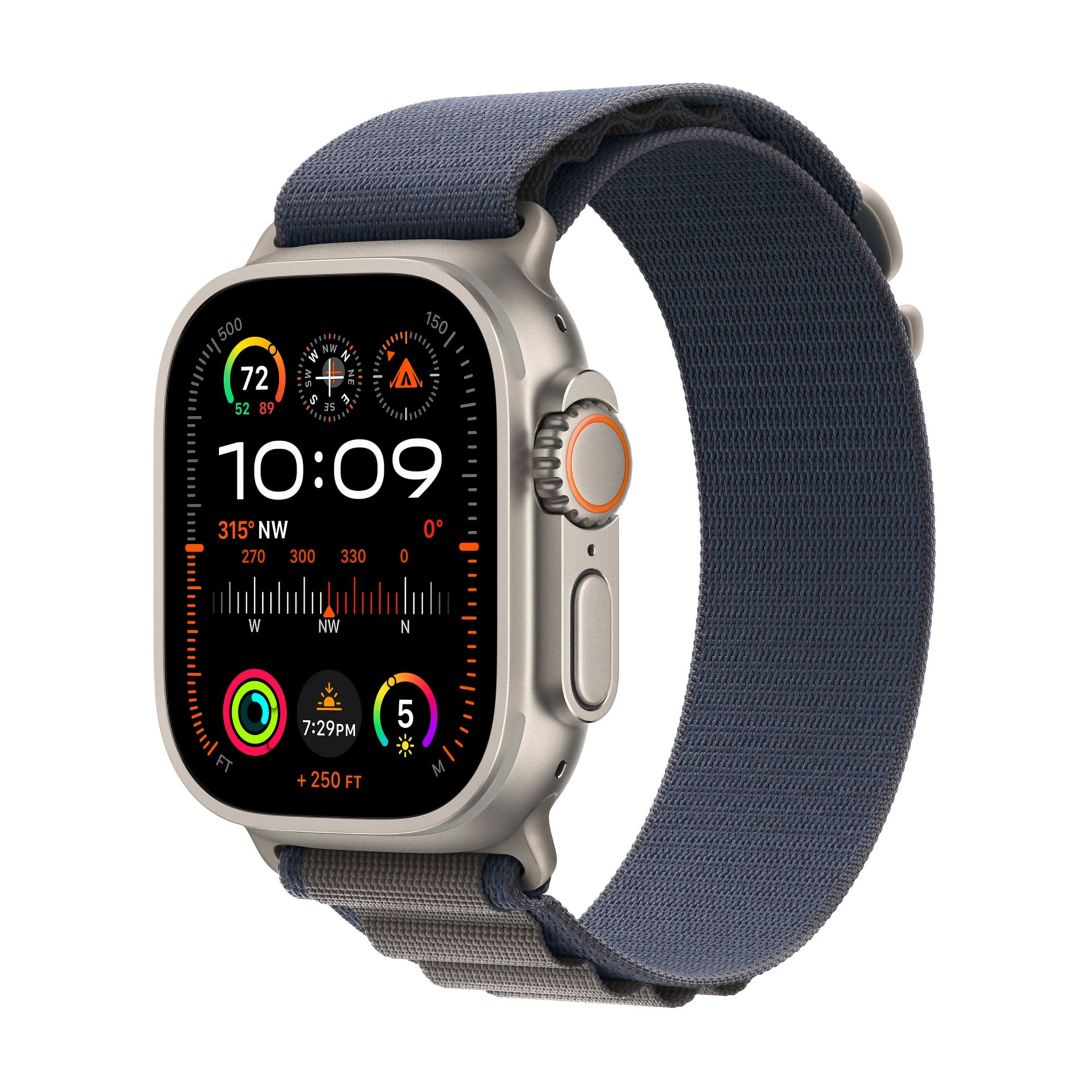 Apple Watch Ultra 2 (GPS + Cellular) - 49mm Titanium Smartwatch with Medium Blue Alpine Loop - 64 GB
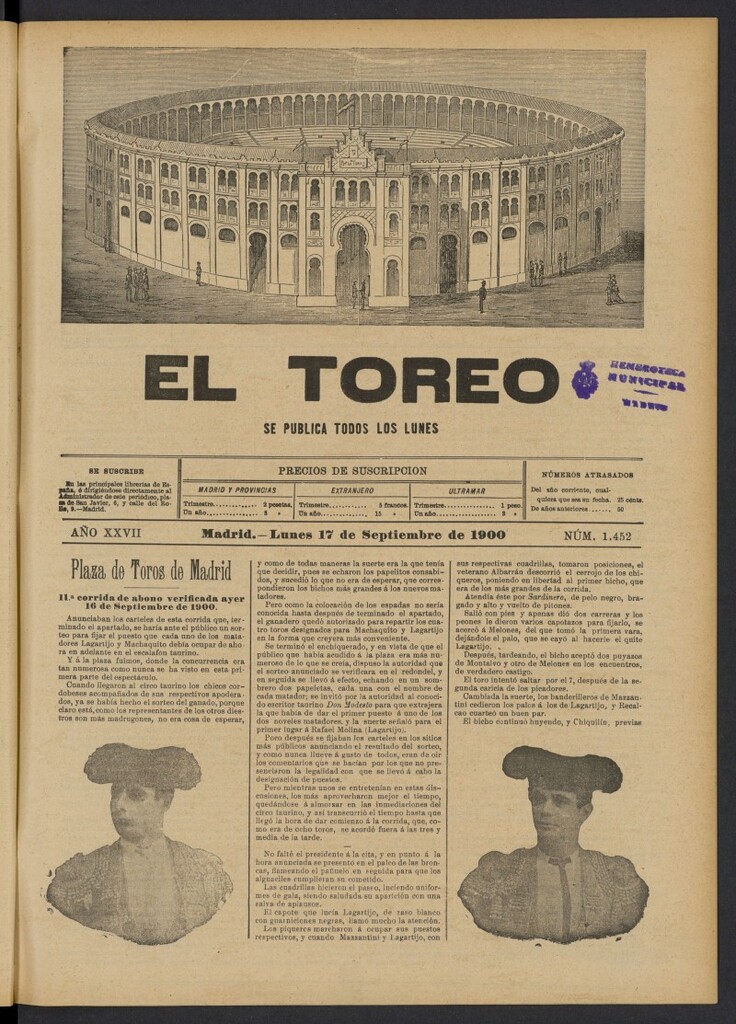 Miniatura de El Toreo: suplemento a "La Correspondencia Teatral" del 17 de septiembre de 1900, nº 1452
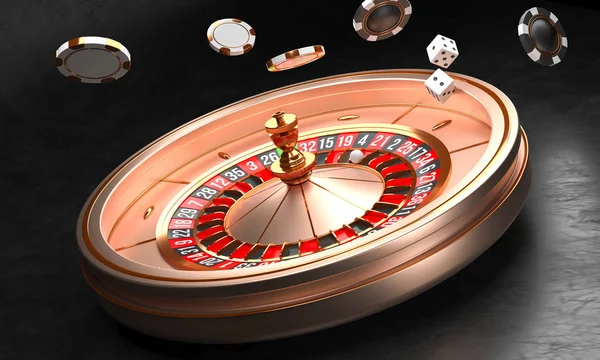 Casino background. Luxury Casino roulette wheel on black background. Casino theme. Close-up white casino roulette with a ball, chips and dice. Poker game table. 3d rendering illustration.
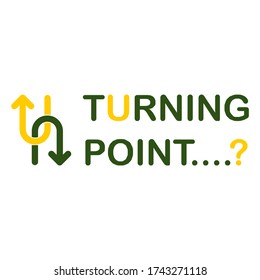 Concept of a turning point Shown using the U-turn symbol Combined with straight lines showing different approaches Show concepts at where someone need to decide on the right path.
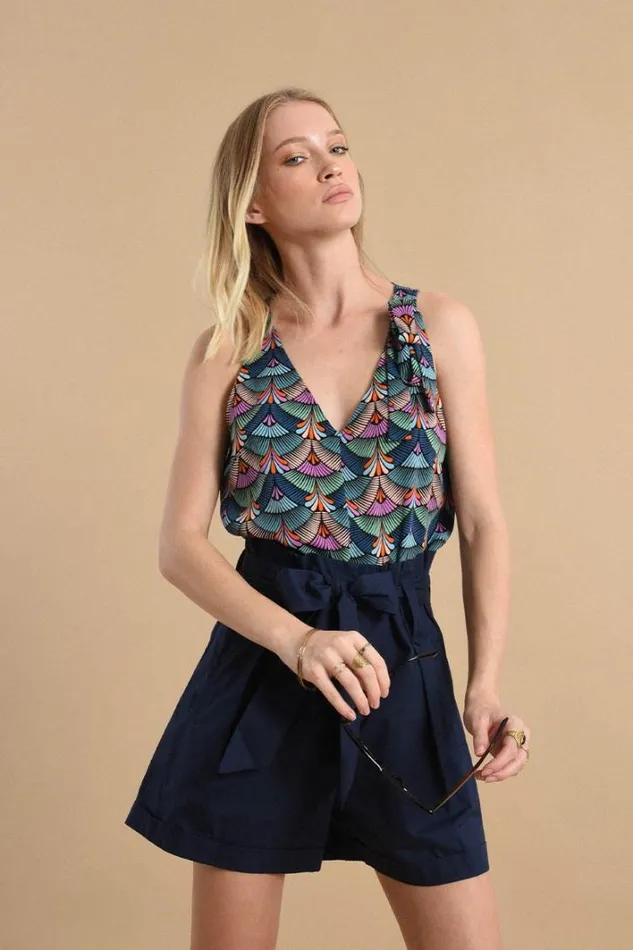 Printed Top With Bow Detail Shoulder BLACK ALIX Women Molly Bracken Tops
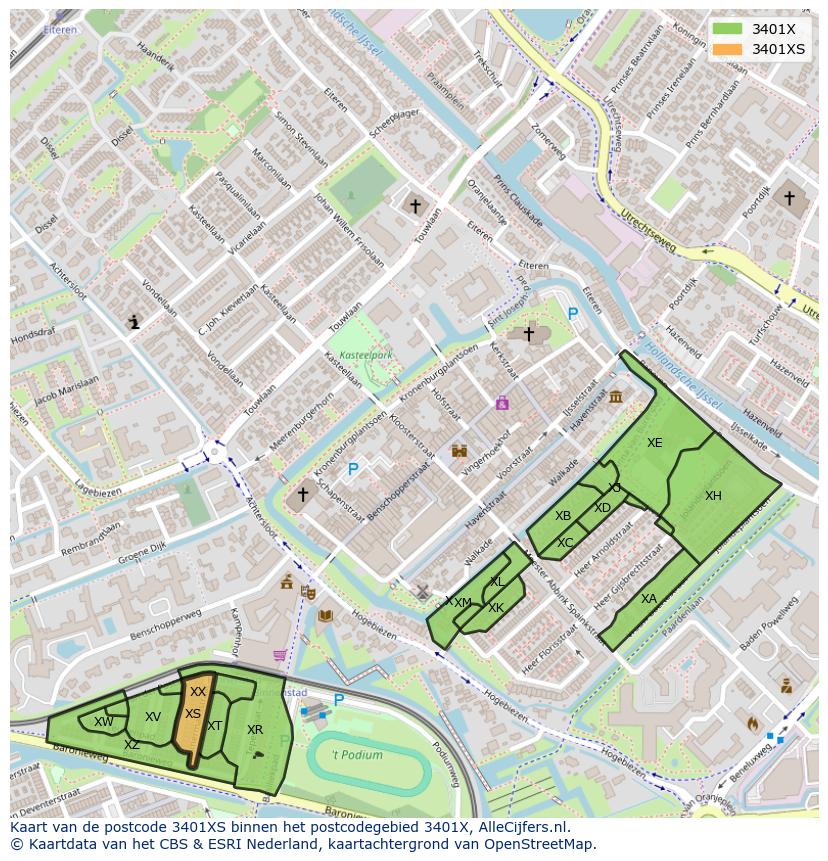 Afbeelding van het postcodegebied 3401 XS op de kaart.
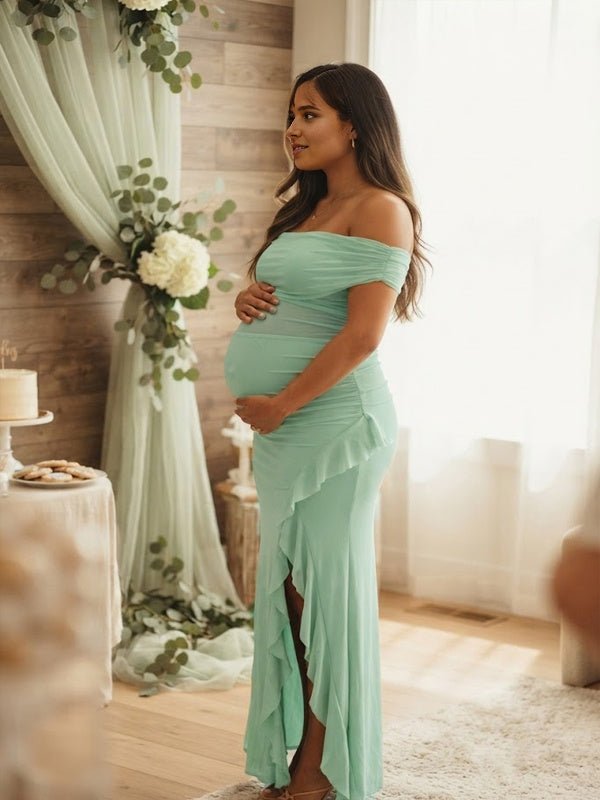 Momyknows Green Off Shoulder Ruffle Side Slit Grenadine Backless Maternity Baby Shower Maxi Dress - Green - 3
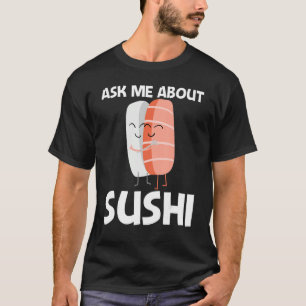 Camiseta Sushi Fofo Para Homens Mulheres Culinária Japonesa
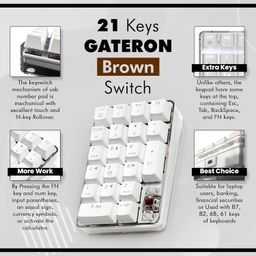 Mechanical Numeric Keypad GATERON Brown Switch Wired Gaming Keypad Crystal Case White Backlit 21 Keys Mini Numpad Portable Keypad Extended Layout White Magicforce by Qisan image 3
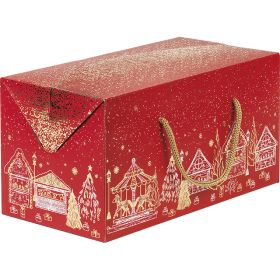 Cardboard rectangular box, red with Christmas motif "Bonnes Fêtes", 31.5x16x16 cm, CP200PR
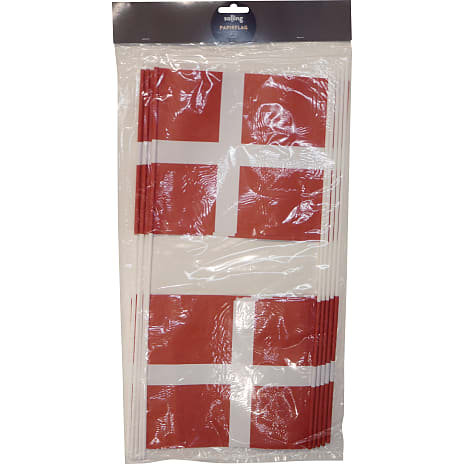 Papirsflag på plastpind 10-pak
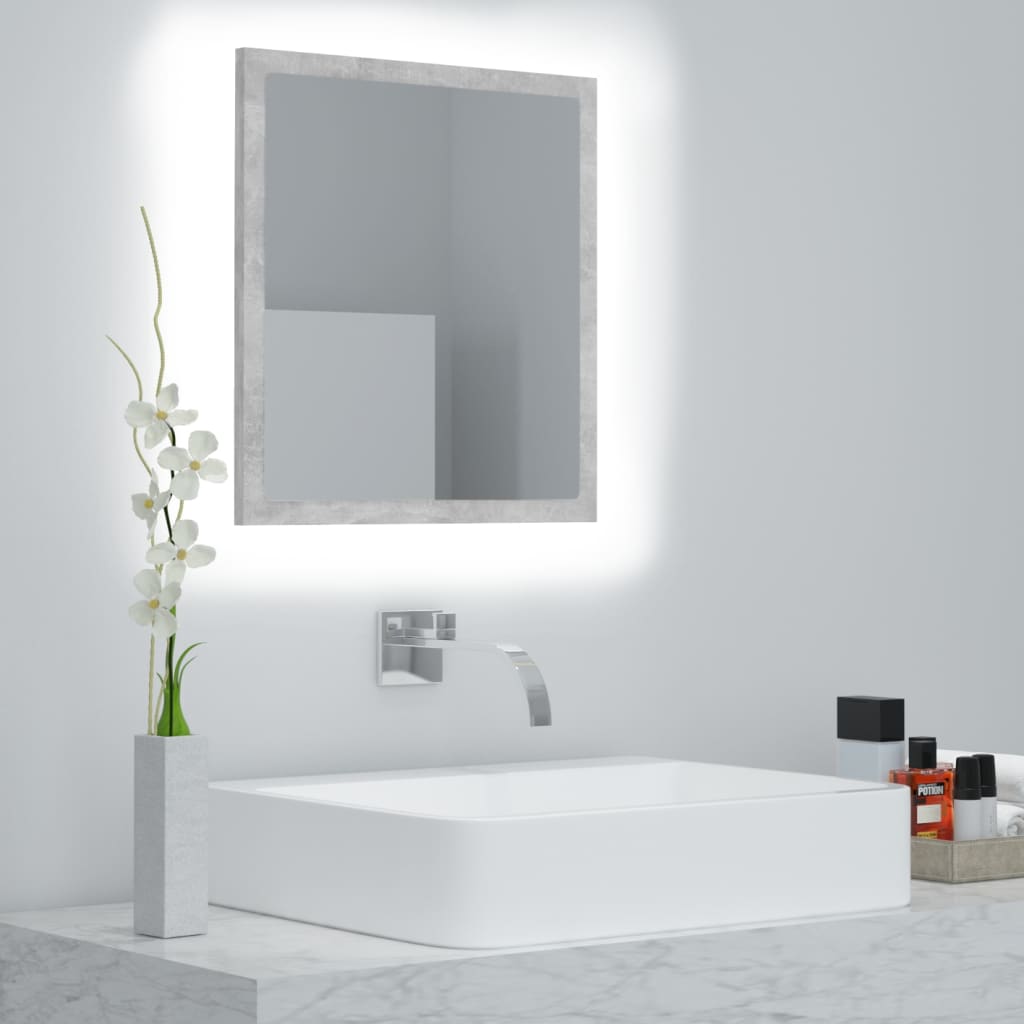 LED kupaonsko ogledalo siva boja betona 40x8,5x37 cm akrilno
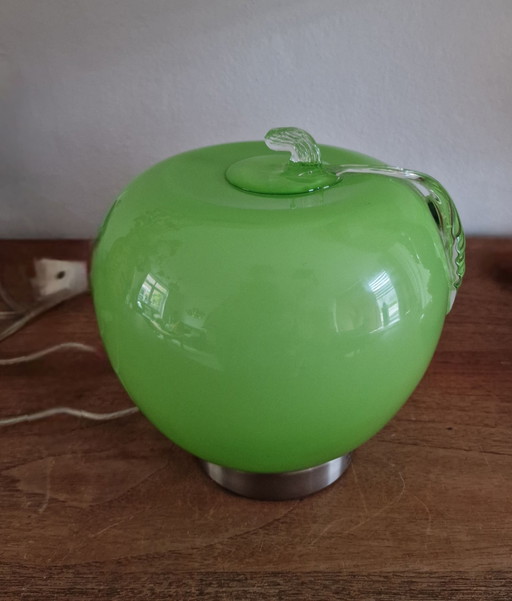 Vintage Prisma Leuchten Glas Apfellampe Grün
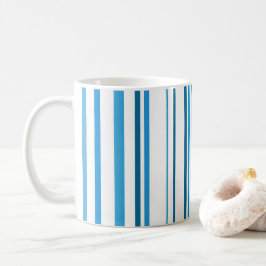 Taza De Café Rayas de Color de Playa Azul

§ **What you should do**
Skip the pictures. Please copy exactly the lines from the one with "Vintage Prisma Leuchten Glas Apfellampe Grün" through the final line of the material above, both ends included.

§ **Result of the task**
 Vintage Prisma Leuchten Glas Apfellampe Grün
 Taza De Café Rayas de Color de Playa Azul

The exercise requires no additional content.